Il medico tornò da noi alcune ore dopo e ricordo ancora la sua voce quando ci annunciò che...», dovette interrompersi a causa delle lacrime che cominciavano a scorrere copiose sul suo viso, «ci annunciò che aveva un tumore al pancreas allo stato avanzato e che era impossibile curarlo, le metastasi si stavano diffondendo in tutto il corpo. In poche parole lo aveva condannato a morte. Piangemmo insieme tutta la notte, e quella mattina Bernardo venne trasferito all'ospedale di Sim City. Cominciai a fare la spola tra casa nostra e l'ospedale, e ormai Maura passava più tempo con la babysitter che con me. Poi smisi di andare ogni giorno dato che dovevo lavorare e badare a nostra figlia, però andavo a trovarlo due volte alla settimana appena finivo i turni. Il tempo cominciò a scorrere, e più tempo passava più diventava debole e cianotico, inoltre aveva perso tutti i capelli a causa delle chemio che faceva. Due anni dopo quel maledetto malore, due anni chiuso in ospedale, io ero andata a trovarlo come al solito. Stava malissimo. Gli strinsi la mano. Lui mi guardò, mi disse che era arrivato il momento di andarsene e che dovevo avere cura di me e di Maura, che non dovevo arrendermi per nulla al mondo. Io gli strinsi ancora di più la mano e gli chiesi che cosa stava dicendo. Lui continuò a fissarmi senza dire nulla e e chiuse gli occhi. Sentii il bip piatto dell'elettrocardiogramma, mi voltai e iniziai a gridare aiuto. Arrivarono medici e infermiere che fecero di tutto per rianimarlo, ma ormai non c'era nulla da fare. Bernardo era morto. E pochi giorni dopo la sua unica figlia avrebbe compiuto cinque anni».
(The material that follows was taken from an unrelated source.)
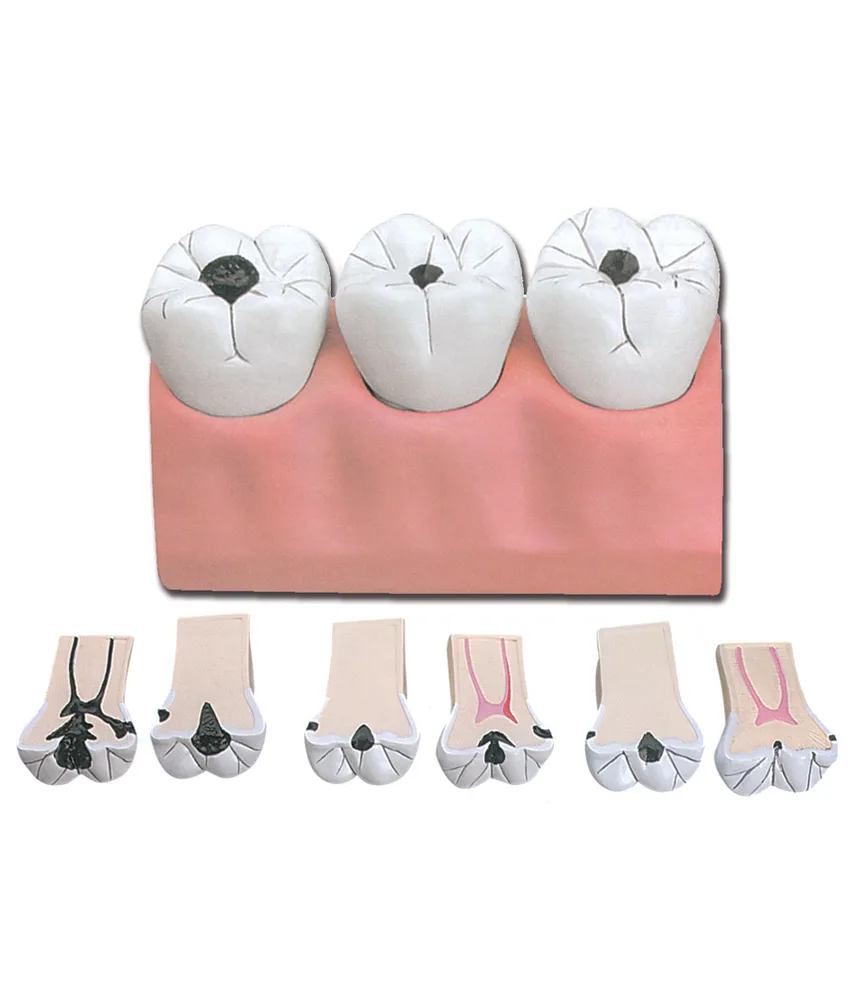 Modello carie dimensioni 4 a 1 con 3 denti, 12 x 6 x h 6 cm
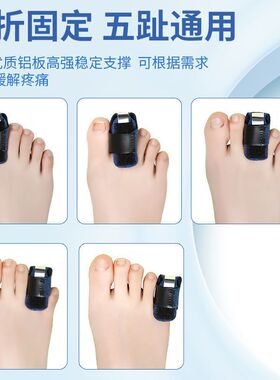 大母脚趾头小骨折固定器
Maura sbarrò gli occhi, «vuoi dire che papà è morto poco prima del mio compleanno? E perchè non me l'hai mai detto?», lei la guardò, «scusami, scusami tanto, davvero, ma non volevo che tu soffrissi proprio prima del tuo compleanno. Sono passati già dieci anni da allora...».
Rimanemmo in silenzio, tutti a guardarci senza dire nulla, io avevo abbassato la testa perché sentivo gli occhi inumidirsi e odiavo farmi vedere così.
«Mi dispiace davvero moltissimo Fiona... e Maura», riuscii solamente a sussurrare.
«Oh, non preoccuparti», rispose tra i singhiozzi.
Si calmò e passammo il pomeriggio in allegria cercando di non pensare troppo a quel racconto drammatico, verso sera tornammo a casa felici e contenti. Ormai mi ero ambientata a Colleverde, ma ero determinata a tornare a casa.